There Are Important Priorities Beyond Brexit And The British Bill Of Rights

David Cameron - EU Referendum - Brexit - Human Rights Act

 

Janet Daley has a good piece in the Telegraph today, castigating the Tories for the way in which David Cameron’s government is rapidly turning the serious question of Britain’s future in the European Union into a farcical “pantomime”.

Taking the government to task for letting down those people who ‘kept the faith’ and voted Conservative in May, Daley laments:

But what a dispiriting carry-on it must seem to most voters, especially the ones who were really happy that they had kept their nerve and voted Conservative.

But here’s the money quote:

But our EU membership did not create the non-contributory benefit system in which people who have never paid in receive indefinite support. Nor did it give rise to our unique universal, free at the point of use, rationed health care system. And it certainly was not responsible for the poor educational achievements of so many young British people that companies prefer to import labour rather than cope with the shortcomings of our school standards.

This hits at an important question. Why is it that we want Britain to leave the European Union in the first place? And why do we actually want to unshackle ourselves from an international “human rights” mechanism that has been hijacked and turned into little more than a guarantor of social democratic dogma?

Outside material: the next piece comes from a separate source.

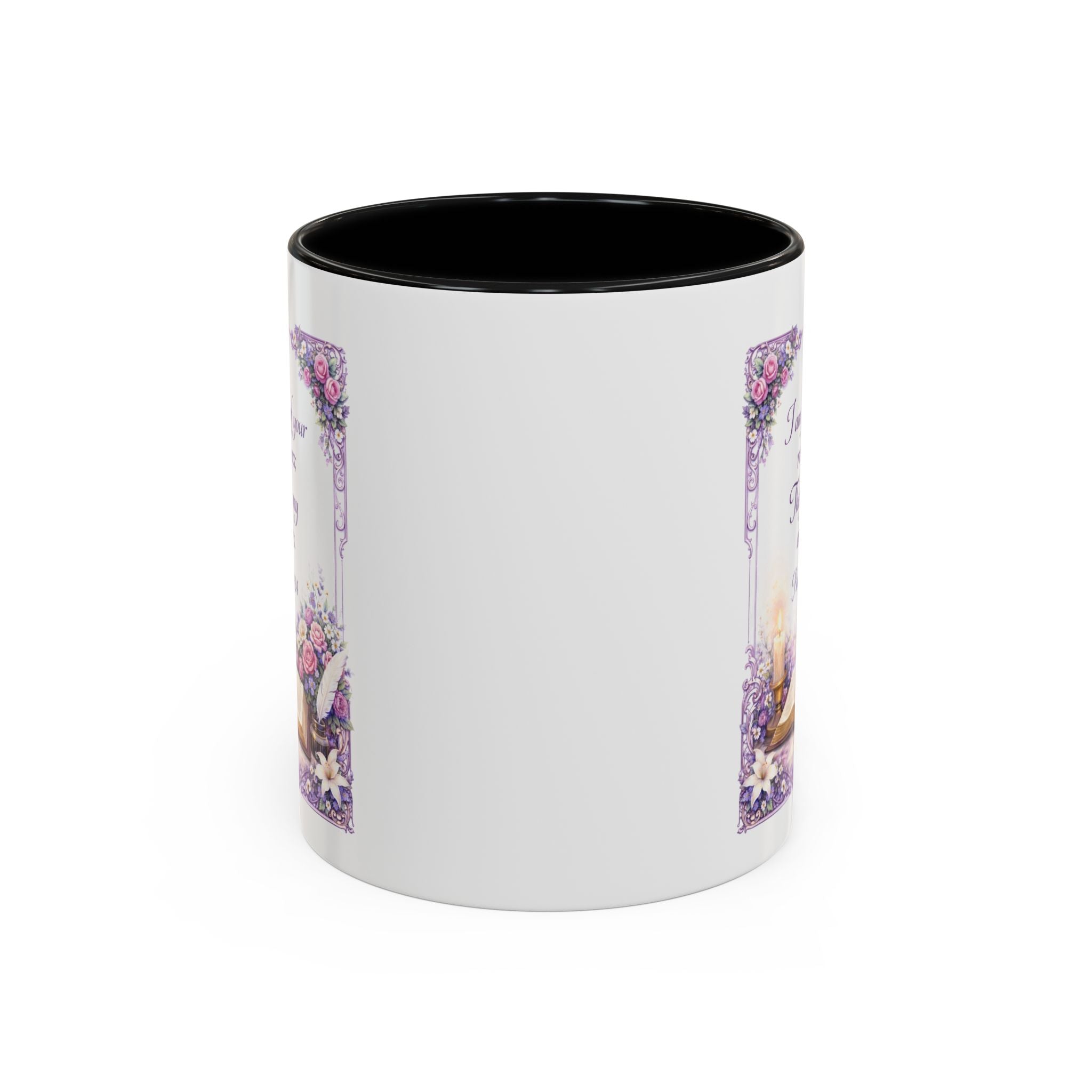 Psalms 119:24 Coffee Mug | I Am Fond of Your Reminders Mug | Inspirational Christian Gift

As these endless debates rumble on, more and more it seems that we argue about these great matters for their own sake. Let’s leave the EU because it’s awful! Let’s stay in the EU because to do otherwise would make us Little Englanders!

But isn’t there more to it than this?

In truth, there is very little point in Britain leaving the European Union or repealing the Human Rights Act at all if we do not seize the opportunity to move in different political direction – if what replaces them is nothing more than a British version of the same failed policies and institutions.

Yes, it’s wrong that the European Union has sovereignty over member states despite there never having been any popular demand within these countries for the creation of such an ever-tightening political union. But ultimately, it’s what Britain does once we free ourselves from the EU that matters most – and which offers the only way of winning the Brexit referendum.

Will Britain leave the European Union only to keep the same vast body of social and employment policies which meddle in our daily affairs and suffocate enterprise currently laid down by the EU? If so, there is no point in leaving.

(An argument can be made that Britain should initially keep the main body of EU law upon secession in order to reduce the shock and potential negative consequences of withdrawal, repealing amendments in politically manageable chunks in following months – though the drawbacks to such a method are also self-obvious).

And yes, it’s wrong that the notion of “human rights” has been hijacked and bastardised to mean permanent, inalienable entitlements to government benefits or the immunity of criminals from deportation. But what will happen if David Cameron and Michael Gove get their way and repeal the act? Is there not a very great danger that we might end up with almost all of the same paternalistic, nanny-state, infantilising measures shoehorned into British law by another route?

Whether it’s Brexit or the British Bill of Rights, the principles and big yes/no questions are important, of course. But so are the details. If Britain is to decide matters of international affairs, trade and personal liberty for herself again, what path will we take and what policies will we pursue?

Libertarians and small-c conservatives of all stripes should be very aware that despite the surprisingly convincing Tory election victory, there is no great small-government popular movement in Britain. There is no C-PAC here, and no Senator Rand Paul.

When push comes to shove, the first instincts of many Britons is still to turn to the government for redress or assistance – in part because the tax burden makes us feel entitled, but also because the socialist institutions of the post-war consensus continue to cast their long shadow. On this side of the Atlantic, the argument that individual liberty and a smaller state can be for the greater good still needs to be made properly, let alone won.

As Janet Daley reminds us:

Yes indeed, our membership of the EU gives rise to serious problems. But some of them are a result of successive British governments failing to get to grips with long-standing national shortcomings that are not the EU’s business at all.

It’s one thing to leave the European Union, but quite another thing to transform Britain into a stronger, more dynamic and entrepreneurial society. And it’s one thing to repeal the Human Rights Act, but quite another to ensure that a future British Bill of Rights is not crammed full of the same exemptions and provisos that even today undermine our fundamental right to life, liberty and the pursuit of happiness.

So by all means, let’s hold the Conservative government’s feet to the fire over the rules of the coming EU referendum and Michael Gove’s deliberations on human rights – it is important that wisdom prevails in these procedural matters.

But we must also look ahead to the ideological battles of 2016, 2017, 2018 and beyond, lest the taste of Conservative electoral success quickly turn to ashes in our mouths.

One thought on “There Are Important Priorities Beyond Brexit And The British Bill Of Rights

  1. Clive Lord June 16, 2015 / 11:12 PM

    Two points from your Janet Daley quote really stick in the craw. I find the implication alarming that
    ‘our unique universal, free at the point of use, rationed health care system’ is something wrong which needs putting right.
    But the right answer to
    ‘the non-contributory benefit system in which people who have never paid in receive indefinite support.’
    is the Basic income. You have endorsed my pointing this out in the past.